Une excellente manière de goûter à la pop et aux musiques actuelles d’Afrique du Sud est de se rendre au festival Oppikoppi. Considéré comme l’un des meilleurs rendez-vous musicaux du pays, Oppikoppi offre à voir pendant trois jours la crème du rock, de la pop, du jazz ou de la house locale.

La musique électronique

Quelque chose de frappant en Afrique du sud est à quel point la house et la deep house sont populaires. Bien qu’originaires du Chicago des années 1980, la house – et son pendant plus soul la deep house – ont trouvé ici un foyer d’adoption : elle est diffusée en pleine journée sur les chaînes musicales ou à la radio, les enfants et les personnes âgées dansent dessus, bref, elle n’est pas du tout réservée aux oiseaux de nuit ni cantonnée aux clubs. En résumé, la house est ici une part intégrante de la musique pop. D’ailleurs, le géant de la house sud-africaine, Black Coffee, est un peu une pop star. Pleine de soul, incorporant régulièrement des éléments de musique traditionnelle, la house de Black Coffee fait la part belle aux voix et accueille souvent des chanteurs célèbres comme Pharrell Williams.

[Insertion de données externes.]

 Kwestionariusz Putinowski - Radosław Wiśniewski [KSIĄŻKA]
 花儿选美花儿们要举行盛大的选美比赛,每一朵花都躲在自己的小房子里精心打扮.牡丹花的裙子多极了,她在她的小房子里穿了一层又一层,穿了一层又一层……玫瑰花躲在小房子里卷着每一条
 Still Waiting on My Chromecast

Cette importance de la house dans le pays a également donné naissance à de nombreux sous-genres dont certains sont devenus des piliers de l’industrie musicale. C’est notamment le cas du kwaito. Le kwaito est à l’Afrique du Sud ce que le grime est à l’Angleterre : le hip-hop local. Musique syncopée des townships de Johannesburg, le kwaito est en fait une house très ralentie, gorgée de basses et langoureuse sur laquelle quelqu’un rappe. Comme le hip-hop, le kwaito est devenu un mouvement, une culture, un mode de vie (proche du hip-hop américain, ce qui lui est régulièrement reproché) incarné par des stars. Le « roi du kwaito » est Arthur Mafokate, un des pionniers du genre avec Lebo Mathosa et son groupe Boom Shaka qui ont ouvert la porte à de nombreux artistes : TKZee, Mandoza, Bongo Maffin ou plus récemment le très bon groupe Batuk emmené par le producteur voyageur Spoek Mathambo. Aussi, le fameux duo Die Antwoord et sa rap-rave déglinguée peut être considéré comme une version enragée du kwaito.

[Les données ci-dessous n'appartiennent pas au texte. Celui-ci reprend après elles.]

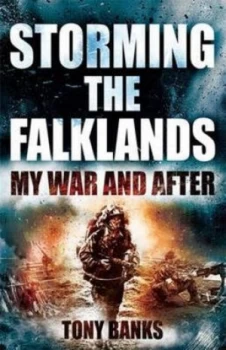 Image of Storming the Falklands by Tony Banks Book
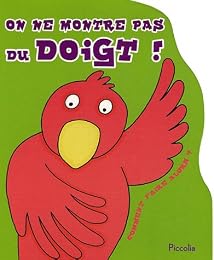 On ne montre pas du doigt !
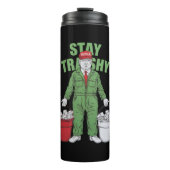 Bouteilles Isothermes Vote Trump Garbage Man Stay Trashy 2024 Election (Devant)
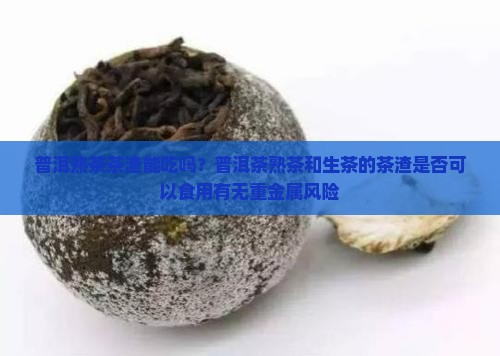 普洱熟茶茶渣能吃吗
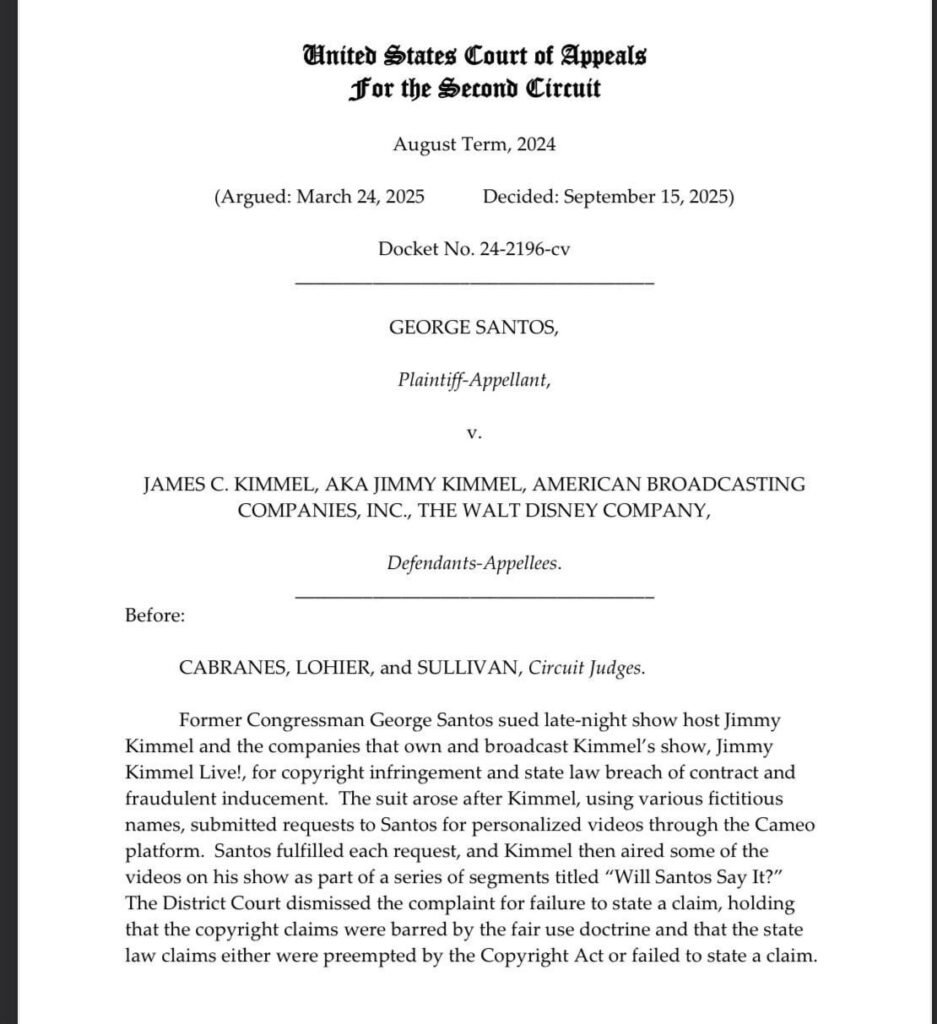 Jimmy Kimmel also defeated former Congressman George Santos’s lawsuit claiming he tricked him into making Cameo videos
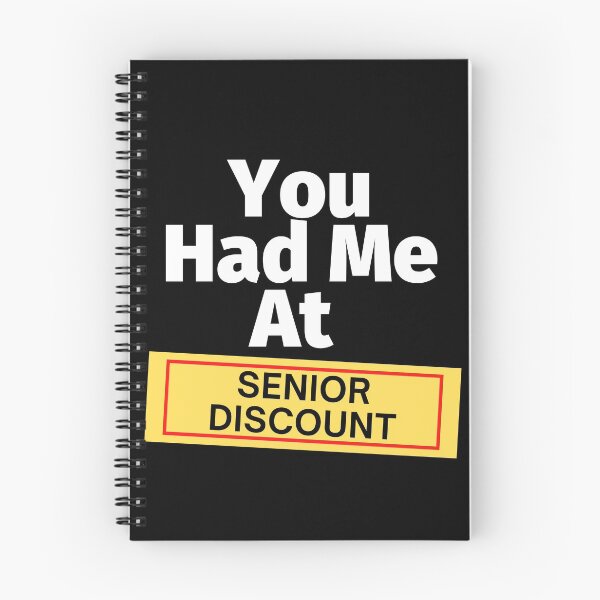 Item preview, You Had Me At Senior Discount designed and sold by SunfullyYours.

Récemment, le dernier dérivé local de la house se nomme le gqom (certains prononcent « djikomou », d’autres « klôm »). Apparue dans les townships de Durban au début des années 2010 sous la patte du duo RudeBoyz, cette électronique minimaliste, brute et glaciale mélange musique traditionnelle sud-africaine et house dépouillée et expérimentale. Le résultat est guerrier, fiévreux et hypnotique et s’exporte très bien, emmené par ses porte-drapeau DJ LAG ou DJ Mo Laudiqui qui enchaînent désormais les grands clubs européens.

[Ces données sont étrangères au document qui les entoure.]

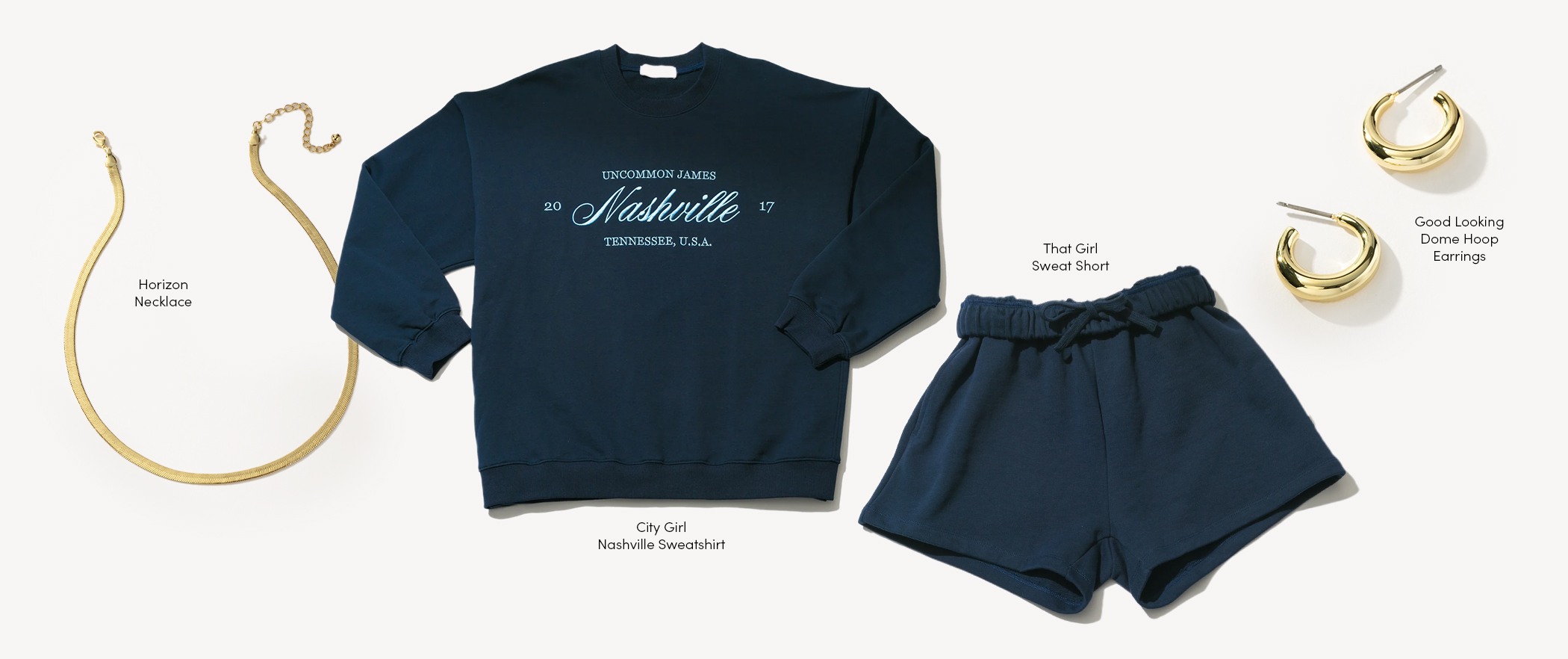 Horizon Necklace, City Girl Nashville Sweatshirt, That Girl Sweat Short, Good Looking Dome Hoop Earrings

Quelques bonnes adresses à noter pour goûter à l’électro locale à Johannesburg : le Living Room, non seulement le rooftop le plus sympa de la ville mais aussi un club avec une bonne programmation, le Kitchener’s Carvery Bar, pub trendy vieux de cent ans qui attire la jeunesse branchée avec ses bon DJ sets, le Taboo, plus sophistiqué mais proposant souvent une programmation de qualité. Au Cap, le Cape Town Electronic Music Festival est un rendez-vous dédié aux amateurs de musique électronique pointue.